TO DO »
Within the records, which lines hold the string "White"? Report each one by copying it.

═══ DATA SHOWN

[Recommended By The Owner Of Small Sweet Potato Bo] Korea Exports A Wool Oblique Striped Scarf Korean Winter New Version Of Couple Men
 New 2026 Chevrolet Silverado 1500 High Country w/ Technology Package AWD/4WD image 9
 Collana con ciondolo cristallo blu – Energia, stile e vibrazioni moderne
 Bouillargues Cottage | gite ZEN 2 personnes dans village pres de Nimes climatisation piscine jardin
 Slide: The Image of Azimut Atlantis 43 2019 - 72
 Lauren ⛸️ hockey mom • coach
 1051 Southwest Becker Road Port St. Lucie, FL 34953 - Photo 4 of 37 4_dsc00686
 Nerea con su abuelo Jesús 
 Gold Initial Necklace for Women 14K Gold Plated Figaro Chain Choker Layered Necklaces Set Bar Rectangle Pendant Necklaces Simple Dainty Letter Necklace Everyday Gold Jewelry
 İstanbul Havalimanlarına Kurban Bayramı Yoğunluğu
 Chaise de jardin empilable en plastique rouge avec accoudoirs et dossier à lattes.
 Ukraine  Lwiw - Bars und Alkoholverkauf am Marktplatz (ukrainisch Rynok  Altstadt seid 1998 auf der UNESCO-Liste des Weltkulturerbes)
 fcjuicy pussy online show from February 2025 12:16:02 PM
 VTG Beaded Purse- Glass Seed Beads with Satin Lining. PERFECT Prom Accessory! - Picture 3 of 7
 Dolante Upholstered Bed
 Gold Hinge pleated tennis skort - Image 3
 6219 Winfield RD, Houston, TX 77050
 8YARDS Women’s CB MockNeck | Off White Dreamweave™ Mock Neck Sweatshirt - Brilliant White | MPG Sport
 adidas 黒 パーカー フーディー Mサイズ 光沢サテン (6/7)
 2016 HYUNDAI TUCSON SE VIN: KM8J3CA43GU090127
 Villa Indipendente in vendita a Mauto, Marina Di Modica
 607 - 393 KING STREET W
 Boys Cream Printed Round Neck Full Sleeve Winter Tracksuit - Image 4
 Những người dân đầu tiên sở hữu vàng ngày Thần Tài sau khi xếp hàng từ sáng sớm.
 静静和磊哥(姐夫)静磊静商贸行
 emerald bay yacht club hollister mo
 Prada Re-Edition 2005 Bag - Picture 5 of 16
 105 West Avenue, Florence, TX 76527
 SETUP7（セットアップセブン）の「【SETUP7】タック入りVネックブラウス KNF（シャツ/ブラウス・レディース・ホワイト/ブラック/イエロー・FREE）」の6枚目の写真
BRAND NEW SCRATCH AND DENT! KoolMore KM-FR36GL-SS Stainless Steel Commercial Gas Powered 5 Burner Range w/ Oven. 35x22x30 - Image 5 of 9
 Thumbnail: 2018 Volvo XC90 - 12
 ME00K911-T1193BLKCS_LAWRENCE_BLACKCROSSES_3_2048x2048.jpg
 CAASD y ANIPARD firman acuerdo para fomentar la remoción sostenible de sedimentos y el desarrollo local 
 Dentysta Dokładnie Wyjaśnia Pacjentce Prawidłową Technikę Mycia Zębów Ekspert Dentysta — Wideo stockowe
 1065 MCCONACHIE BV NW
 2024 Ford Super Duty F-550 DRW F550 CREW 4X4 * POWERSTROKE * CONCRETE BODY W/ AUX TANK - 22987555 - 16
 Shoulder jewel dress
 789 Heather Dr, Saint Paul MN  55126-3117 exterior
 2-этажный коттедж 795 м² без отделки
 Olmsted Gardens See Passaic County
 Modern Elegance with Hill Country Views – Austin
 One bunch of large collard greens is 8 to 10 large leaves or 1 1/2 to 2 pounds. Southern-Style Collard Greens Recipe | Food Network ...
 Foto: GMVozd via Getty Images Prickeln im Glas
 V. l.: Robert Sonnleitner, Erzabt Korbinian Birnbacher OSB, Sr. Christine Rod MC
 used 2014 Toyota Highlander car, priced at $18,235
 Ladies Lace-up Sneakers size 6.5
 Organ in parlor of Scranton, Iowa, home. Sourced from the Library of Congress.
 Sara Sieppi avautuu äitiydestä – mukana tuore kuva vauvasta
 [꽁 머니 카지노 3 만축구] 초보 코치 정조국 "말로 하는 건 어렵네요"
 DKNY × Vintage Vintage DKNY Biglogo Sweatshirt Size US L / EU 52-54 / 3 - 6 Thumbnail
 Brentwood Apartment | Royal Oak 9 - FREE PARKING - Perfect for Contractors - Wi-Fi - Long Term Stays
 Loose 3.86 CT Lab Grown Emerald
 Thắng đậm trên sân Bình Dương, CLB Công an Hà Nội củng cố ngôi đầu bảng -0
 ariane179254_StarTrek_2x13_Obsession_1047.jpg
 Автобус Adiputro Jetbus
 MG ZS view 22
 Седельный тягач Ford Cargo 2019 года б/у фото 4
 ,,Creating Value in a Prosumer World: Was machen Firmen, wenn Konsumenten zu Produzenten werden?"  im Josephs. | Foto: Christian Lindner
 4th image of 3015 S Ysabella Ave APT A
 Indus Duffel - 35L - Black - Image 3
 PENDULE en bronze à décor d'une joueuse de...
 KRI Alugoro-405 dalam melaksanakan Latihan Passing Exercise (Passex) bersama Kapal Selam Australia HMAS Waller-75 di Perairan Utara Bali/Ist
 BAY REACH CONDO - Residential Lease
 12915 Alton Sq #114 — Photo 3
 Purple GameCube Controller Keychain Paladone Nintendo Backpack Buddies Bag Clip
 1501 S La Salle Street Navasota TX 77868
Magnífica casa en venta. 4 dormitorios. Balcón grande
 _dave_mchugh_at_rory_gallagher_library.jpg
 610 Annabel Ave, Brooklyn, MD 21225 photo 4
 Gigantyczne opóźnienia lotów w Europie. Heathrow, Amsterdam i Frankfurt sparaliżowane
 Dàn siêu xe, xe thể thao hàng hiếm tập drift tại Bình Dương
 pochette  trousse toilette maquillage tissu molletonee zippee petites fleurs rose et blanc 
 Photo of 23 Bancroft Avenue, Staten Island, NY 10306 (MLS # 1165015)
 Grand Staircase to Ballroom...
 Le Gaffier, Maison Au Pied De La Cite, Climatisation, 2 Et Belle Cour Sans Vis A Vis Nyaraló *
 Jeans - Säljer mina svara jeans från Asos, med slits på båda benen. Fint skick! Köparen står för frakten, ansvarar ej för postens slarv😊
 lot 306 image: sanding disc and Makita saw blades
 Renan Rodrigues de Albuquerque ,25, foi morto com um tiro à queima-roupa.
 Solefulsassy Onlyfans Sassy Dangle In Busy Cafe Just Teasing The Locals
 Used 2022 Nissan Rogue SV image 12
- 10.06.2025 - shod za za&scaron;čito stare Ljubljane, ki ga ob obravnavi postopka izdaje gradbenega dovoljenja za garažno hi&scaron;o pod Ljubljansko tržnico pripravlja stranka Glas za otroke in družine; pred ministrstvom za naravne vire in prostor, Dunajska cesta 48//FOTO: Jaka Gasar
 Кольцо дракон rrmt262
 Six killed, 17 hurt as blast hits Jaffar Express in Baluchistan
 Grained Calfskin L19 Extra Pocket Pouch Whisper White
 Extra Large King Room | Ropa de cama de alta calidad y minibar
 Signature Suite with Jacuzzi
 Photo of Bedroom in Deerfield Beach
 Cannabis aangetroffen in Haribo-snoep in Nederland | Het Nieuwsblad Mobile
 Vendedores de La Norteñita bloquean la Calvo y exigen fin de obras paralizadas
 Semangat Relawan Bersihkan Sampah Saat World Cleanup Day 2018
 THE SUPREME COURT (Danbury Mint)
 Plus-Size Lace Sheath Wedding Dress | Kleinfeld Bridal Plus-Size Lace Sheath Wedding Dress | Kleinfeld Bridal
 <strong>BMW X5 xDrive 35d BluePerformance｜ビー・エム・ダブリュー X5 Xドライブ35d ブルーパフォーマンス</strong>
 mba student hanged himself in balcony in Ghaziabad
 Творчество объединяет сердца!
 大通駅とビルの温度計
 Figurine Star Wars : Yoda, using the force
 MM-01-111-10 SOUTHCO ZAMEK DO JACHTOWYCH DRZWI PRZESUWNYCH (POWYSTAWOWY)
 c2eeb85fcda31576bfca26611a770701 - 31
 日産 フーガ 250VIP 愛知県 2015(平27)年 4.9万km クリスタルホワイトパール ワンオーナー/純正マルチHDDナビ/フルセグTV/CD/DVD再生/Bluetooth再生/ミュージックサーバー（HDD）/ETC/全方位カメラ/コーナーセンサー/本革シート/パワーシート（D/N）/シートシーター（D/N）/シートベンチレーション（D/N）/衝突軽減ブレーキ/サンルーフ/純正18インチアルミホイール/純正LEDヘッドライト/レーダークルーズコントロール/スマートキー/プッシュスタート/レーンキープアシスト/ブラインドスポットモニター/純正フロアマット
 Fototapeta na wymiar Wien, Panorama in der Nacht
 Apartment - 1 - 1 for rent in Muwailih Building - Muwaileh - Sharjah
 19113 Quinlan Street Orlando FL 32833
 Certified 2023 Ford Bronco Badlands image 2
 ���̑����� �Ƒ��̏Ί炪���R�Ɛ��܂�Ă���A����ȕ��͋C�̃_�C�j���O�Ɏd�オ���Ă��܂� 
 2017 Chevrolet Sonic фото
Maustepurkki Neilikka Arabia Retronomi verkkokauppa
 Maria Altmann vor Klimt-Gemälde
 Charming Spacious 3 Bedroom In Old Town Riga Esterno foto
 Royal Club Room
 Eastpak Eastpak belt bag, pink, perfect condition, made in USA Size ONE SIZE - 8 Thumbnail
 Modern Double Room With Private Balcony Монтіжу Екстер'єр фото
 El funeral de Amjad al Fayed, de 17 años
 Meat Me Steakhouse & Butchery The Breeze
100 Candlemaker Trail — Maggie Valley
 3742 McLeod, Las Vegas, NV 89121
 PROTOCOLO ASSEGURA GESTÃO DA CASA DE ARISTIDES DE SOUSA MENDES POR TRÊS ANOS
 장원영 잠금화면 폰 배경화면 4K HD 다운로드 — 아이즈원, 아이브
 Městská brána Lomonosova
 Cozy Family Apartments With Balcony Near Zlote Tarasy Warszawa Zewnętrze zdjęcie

══════

WRITTEN ANSWER »
 8YARDS Women’s CB MockNeck | Off White Dreamweave™ Mock Neck Sweatshirt - Brilliant White | MPG Sport
 Grained Calfskin L19 Extra Pocket Pouch Whisper White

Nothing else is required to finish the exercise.